The insurer expects net income of ¥40 billion for the current fiscal year, better than its earlier target of ¥37 billion. The updated profit forecast slightly exceeded the ¥39.7 billion yen consensus of 15 analysts. Sony Financial also increased its forecast of revenue by 6.7 percent, and revenue for the first three quarters of the current fiscal year have increased 20.2 percent. The strong results are thanks in part to growth in Sony Financial’s life insurance and auto insurance premiums.
Unfortunately for Sony, the parent company doesn’t stick to selling insurance policies. It sells TVs, too, even though it can’t manage to do so profitably. Chief Executive Officer Kazuo Hirai said the company will lose money on its television business for the 10th year in a row, with the red ink for TVs this time amounting to ¥25 billion yen. “Investors don’t have much faith in Hirai,” Mitsushige Akino, chief fund manager at Ichiyoshi Asset Management in Tokyo, told Bloomberg News. “There’s no growth strategy.”
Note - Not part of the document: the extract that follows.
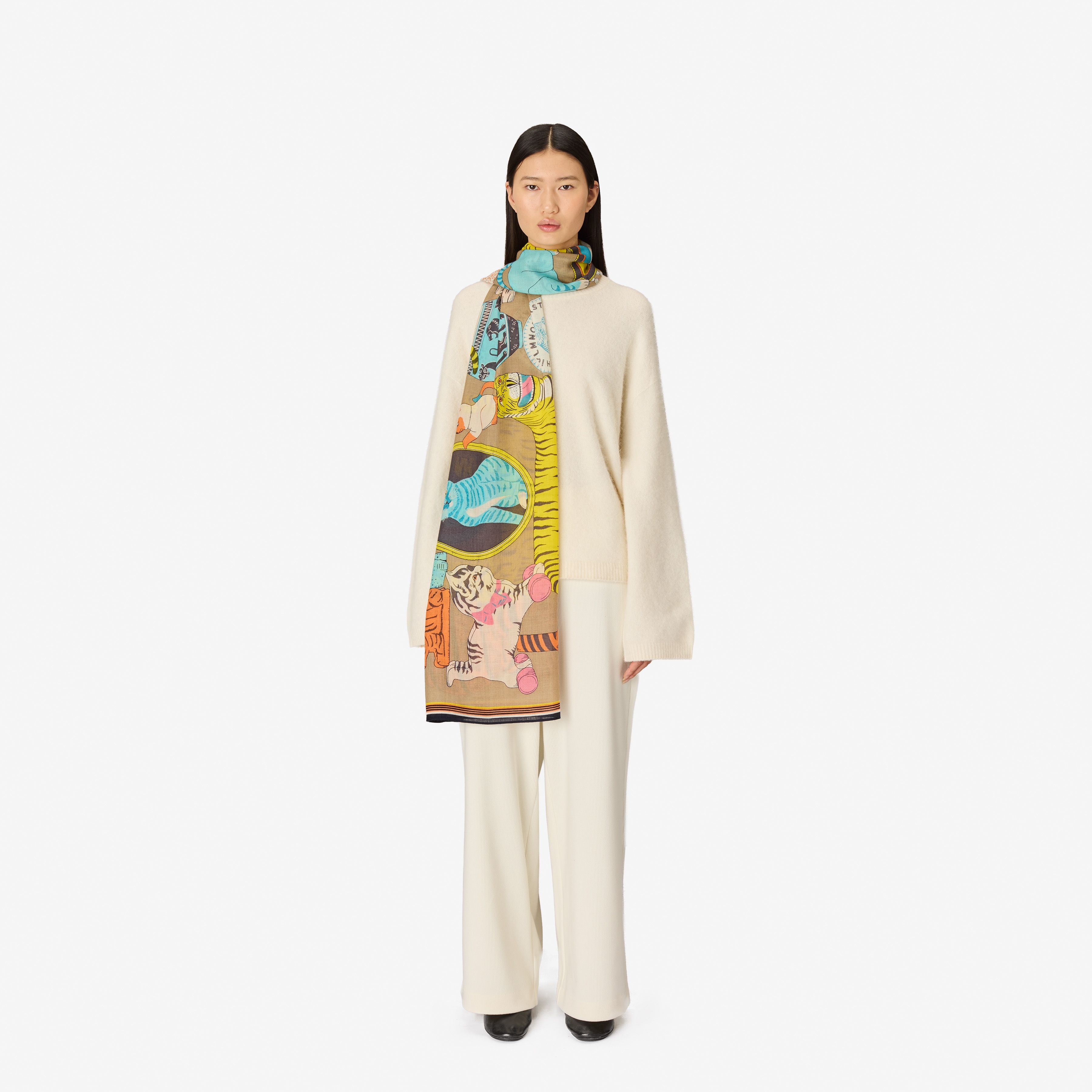 Bufanda 70 - Collectionneur - Pastel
That’s not totally fair. Hirai is taking some steps to get Sony out of crummy businesses. Witness his decision to give up on PCs. For now, however, he seems unwilling to jettison TVs, a business with a No. 3 market share worldwide that’s nonetheless dragging down the company. “My responsibility is to turn around the electronics operation,” Hirai said. “I’d like to say this time’s reform is final, but amid intensifying competition, reform may be needed going forward.”
With competition from the Koreans and the Chinese putting pressure on Sony, the company isn’t going to solve any problems by stubbornly sticking with TVs. “You hear about losses from this company year after year after year,” Atul Goyal, a Jefferies analyst in Singapore, told Bloomberg Television. For Sony, he added, the goal should be to use the PC selloff as the first step of a broader retreat: “Salvation is an exit from electronics.”
One promising sign: Hirai is creating a separate subsidiary for Sony’s TV business. Down the road, that might make an exit easier. For now, though, there’s no salvation in sight.